Comme Koudus, ils sont nombreux à déballer chaque jour des films copiés, proposés pour une somme dérisoire : deux euros pièce, cinq euros les trois. Rien à voir avec des DVD du commerce, il s’agit de CD contenant des films DivX, un format utilisé essentiellement pour le téléchargement illégal. Difficile à quantifier, le phénomène a pris de l’ampleur au cours des derniers mois.

Les vendeurs de DivX à la sauvette sont de plus en plus nombreux à investir les couloirs de la RATP mais aussi l’entrée des bouches de métro, souvent près de leurs alter-ego qui proposent ceintures, posters ou jouets à musique. « Depuis la fin de l’automne, il y a une présence beaucoup plus importante et plus visible, souligne Frédéric Delacroix, délégué général de l’Association de lutte contre la piraterie audiovisuelle (Alpa). Il y a toujours eu ce type de vendeurs présents de manière sporadique, sur les marchés par exemple. À présent, ils vont jusque dans le métro et dans les rues. »

Atelier clandestin à Montreuil

Zahir est de ceux-là. Lui aussi dit venir du Bangladesh. Les CD piratés font partie de son quotidien. Chaque jour, il descend dans le métro de Saint-Lazare, République ou Marcadet-Poissonniers. Le long d’un mur, il propose aux passants et aux voyageurs ses films trois ou quatre heures durant. Il emporte toujours beaucoup de films, quatre cents, parfois plus. Selon lui, il y aurait beaucoup de ventes. Il est fier de proposer « toutes les nouveautés » : Shrek 4, L’Agence tous risques, Toy Story 3… Sur l’étal de fortune, se croisent des films déjà sortis, encore en salles, voire qui ne sont même pas à l’affiche. Bien souvent de mauvaise qualité, certains se révèlent toutefois de très bonne facture.

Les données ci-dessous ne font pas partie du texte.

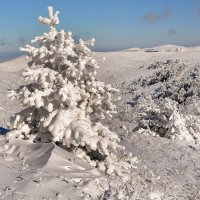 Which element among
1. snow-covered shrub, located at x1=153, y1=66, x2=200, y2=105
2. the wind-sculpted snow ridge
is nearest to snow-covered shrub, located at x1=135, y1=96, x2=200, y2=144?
the wind-sculpted snow ridge

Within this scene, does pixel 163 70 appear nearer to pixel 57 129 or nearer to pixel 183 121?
pixel 183 121

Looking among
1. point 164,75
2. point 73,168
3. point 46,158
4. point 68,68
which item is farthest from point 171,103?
point 164,75

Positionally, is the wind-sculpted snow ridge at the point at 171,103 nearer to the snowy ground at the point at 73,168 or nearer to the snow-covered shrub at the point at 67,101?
the snowy ground at the point at 73,168

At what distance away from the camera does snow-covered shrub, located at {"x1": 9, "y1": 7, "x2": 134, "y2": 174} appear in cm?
803

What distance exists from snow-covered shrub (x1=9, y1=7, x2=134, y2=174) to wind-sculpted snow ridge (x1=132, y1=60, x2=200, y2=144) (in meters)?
4.22

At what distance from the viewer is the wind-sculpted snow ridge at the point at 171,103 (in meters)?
12.7

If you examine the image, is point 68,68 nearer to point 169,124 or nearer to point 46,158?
point 46,158

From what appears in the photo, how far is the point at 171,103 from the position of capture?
13805mm

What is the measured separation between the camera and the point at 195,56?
97.3 ft

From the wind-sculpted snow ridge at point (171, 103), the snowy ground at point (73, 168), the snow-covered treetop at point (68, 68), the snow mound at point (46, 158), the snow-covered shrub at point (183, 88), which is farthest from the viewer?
the snow-covered shrub at point (183, 88)

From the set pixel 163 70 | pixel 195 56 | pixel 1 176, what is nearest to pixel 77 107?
pixel 1 176

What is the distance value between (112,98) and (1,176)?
10.3ft

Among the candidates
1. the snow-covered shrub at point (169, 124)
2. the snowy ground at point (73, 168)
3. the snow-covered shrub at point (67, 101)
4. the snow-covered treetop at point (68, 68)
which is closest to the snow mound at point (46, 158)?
the snowy ground at point (73, 168)

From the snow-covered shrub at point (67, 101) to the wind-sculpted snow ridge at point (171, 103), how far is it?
4.22 metres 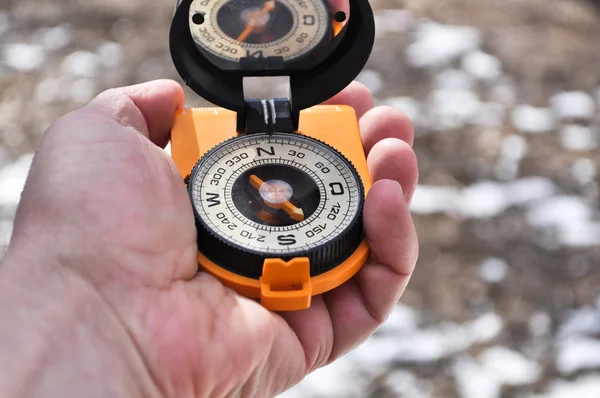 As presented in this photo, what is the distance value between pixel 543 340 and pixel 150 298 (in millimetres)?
1196

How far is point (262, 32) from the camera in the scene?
1.51m

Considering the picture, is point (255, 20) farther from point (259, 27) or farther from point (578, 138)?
point (578, 138)

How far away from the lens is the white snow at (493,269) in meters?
2.08

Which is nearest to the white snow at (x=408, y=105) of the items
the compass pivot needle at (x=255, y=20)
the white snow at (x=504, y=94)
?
the white snow at (x=504, y=94)

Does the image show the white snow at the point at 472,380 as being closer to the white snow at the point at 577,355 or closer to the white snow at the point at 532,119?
the white snow at the point at 577,355

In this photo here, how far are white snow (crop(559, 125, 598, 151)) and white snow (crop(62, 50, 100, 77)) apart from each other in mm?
1629

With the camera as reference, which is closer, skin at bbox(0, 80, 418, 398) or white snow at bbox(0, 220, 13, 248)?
skin at bbox(0, 80, 418, 398)

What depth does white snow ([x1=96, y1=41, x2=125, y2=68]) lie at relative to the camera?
2.62 metres

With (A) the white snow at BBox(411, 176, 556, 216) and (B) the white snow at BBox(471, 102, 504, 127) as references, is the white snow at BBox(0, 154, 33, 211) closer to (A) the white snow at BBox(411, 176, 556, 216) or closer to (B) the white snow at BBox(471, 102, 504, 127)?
(A) the white snow at BBox(411, 176, 556, 216)

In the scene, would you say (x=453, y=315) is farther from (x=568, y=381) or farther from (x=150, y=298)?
(x=150, y=298)

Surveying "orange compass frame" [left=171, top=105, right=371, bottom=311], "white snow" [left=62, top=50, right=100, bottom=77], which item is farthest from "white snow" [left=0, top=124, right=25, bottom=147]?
"orange compass frame" [left=171, top=105, right=371, bottom=311]

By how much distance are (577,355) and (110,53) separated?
185cm

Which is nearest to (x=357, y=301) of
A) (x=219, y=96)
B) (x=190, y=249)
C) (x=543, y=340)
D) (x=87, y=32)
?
(x=190, y=249)

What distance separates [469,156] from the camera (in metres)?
2.36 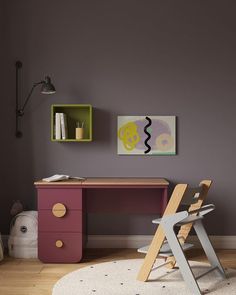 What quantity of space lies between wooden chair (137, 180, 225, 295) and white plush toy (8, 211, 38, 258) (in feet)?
3.76

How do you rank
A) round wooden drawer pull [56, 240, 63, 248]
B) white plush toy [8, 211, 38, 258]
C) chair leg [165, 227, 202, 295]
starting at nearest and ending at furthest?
chair leg [165, 227, 202, 295] < round wooden drawer pull [56, 240, 63, 248] < white plush toy [8, 211, 38, 258]

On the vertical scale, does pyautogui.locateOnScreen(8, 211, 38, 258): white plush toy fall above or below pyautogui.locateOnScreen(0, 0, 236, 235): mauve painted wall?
below

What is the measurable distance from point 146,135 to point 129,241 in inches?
39.9

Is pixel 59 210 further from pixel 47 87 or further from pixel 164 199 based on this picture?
Result: pixel 47 87

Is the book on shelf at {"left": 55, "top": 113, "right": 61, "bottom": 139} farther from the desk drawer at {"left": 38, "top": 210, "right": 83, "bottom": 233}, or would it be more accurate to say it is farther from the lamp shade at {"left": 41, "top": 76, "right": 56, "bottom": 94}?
the desk drawer at {"left": 38, "top": 210, "right": 83, "bottom": 233}

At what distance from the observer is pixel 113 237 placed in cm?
426

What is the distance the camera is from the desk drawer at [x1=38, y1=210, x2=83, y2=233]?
374 centimetres

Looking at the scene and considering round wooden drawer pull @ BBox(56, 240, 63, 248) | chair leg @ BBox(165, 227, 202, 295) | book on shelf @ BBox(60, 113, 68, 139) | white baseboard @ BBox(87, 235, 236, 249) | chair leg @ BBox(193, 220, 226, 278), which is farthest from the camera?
white baseboard @ BBox(87, 235, 236, 249)

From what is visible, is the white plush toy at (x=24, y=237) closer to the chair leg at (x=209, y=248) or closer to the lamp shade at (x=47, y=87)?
the lamp shade at (x=47, y=87)

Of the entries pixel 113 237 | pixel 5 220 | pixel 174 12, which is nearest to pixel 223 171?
pixel 113 237

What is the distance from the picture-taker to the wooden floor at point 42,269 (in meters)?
3.05

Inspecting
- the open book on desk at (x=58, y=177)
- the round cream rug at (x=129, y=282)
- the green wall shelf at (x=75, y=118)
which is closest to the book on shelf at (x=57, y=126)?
the green wall shelf at (x=75, y=118)

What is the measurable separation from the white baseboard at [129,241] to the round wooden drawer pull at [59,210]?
2.12 feet

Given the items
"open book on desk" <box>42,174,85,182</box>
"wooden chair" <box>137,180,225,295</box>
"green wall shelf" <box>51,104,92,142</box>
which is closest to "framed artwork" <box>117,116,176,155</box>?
"green wall shelf" <box>51,104,92,142</box> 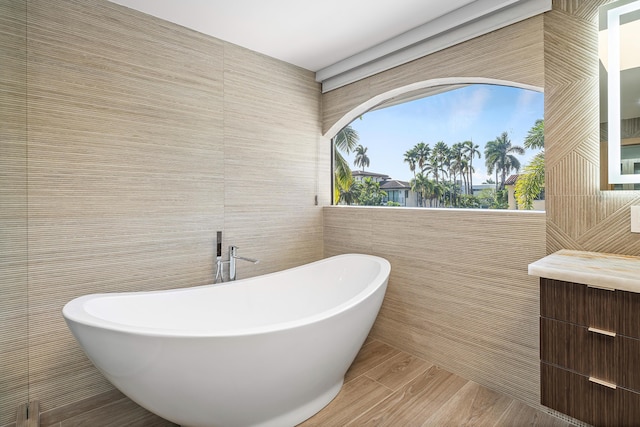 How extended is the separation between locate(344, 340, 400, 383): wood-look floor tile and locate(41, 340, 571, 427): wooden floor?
0.04ft

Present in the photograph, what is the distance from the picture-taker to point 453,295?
218 centimetres

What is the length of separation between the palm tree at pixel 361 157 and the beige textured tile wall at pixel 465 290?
54 centimetres

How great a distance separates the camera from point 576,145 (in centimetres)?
168

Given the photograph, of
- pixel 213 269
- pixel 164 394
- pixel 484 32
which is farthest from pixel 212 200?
pixel 484 32

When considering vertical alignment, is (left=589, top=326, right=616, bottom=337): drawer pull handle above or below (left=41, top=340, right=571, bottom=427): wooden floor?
above

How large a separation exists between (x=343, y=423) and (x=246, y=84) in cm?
237

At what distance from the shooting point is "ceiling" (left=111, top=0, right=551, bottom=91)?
195 centimetres

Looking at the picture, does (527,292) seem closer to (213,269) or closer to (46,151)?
(213,269)

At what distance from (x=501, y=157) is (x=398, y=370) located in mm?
1569

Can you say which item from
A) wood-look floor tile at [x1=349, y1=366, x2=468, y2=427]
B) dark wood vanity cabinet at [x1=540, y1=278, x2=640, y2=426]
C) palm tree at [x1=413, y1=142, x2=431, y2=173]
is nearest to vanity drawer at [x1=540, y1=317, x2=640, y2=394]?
dark wood vanity cabinet at [x1=540, y1=278, x2=640, y2=426]

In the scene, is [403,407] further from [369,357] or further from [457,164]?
[457,164]

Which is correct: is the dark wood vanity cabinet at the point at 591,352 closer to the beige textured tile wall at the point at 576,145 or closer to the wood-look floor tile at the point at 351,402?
the beige textured tile wall at the point at 576,145

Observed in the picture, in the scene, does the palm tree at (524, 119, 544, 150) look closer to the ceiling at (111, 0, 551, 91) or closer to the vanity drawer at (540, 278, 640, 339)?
the ceiling at (111, 0, 551, 91)

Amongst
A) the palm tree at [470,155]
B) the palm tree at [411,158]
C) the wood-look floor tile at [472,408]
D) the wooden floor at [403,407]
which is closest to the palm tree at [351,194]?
the palm tree at [411,158] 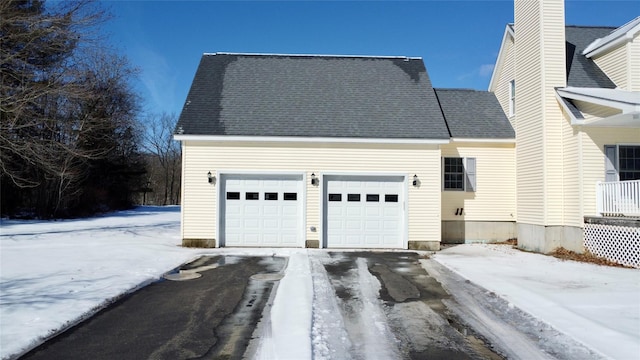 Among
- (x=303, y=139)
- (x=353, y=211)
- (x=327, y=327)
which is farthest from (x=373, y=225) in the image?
(x=327, y=327)

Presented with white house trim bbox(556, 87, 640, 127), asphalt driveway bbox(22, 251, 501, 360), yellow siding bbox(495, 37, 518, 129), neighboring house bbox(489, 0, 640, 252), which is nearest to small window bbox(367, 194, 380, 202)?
asphalt driveway bbox(22, 251, 501, 360)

D’où vient cette marchandise ? Sur ce point, Zahir reste très vague : « Je vais chercher les DVD. On me les donne et j’en suis responsable. Je dois tout vendre pour être payé ». À Bonne-Nouvelle, Sani en dit un peu plus. Dans un bon anglais, il explique que « tout vient de Montreuil. Là-bas, il y a une fabrique. J’y vais et j’achète chaque DVD 1,20 euros ».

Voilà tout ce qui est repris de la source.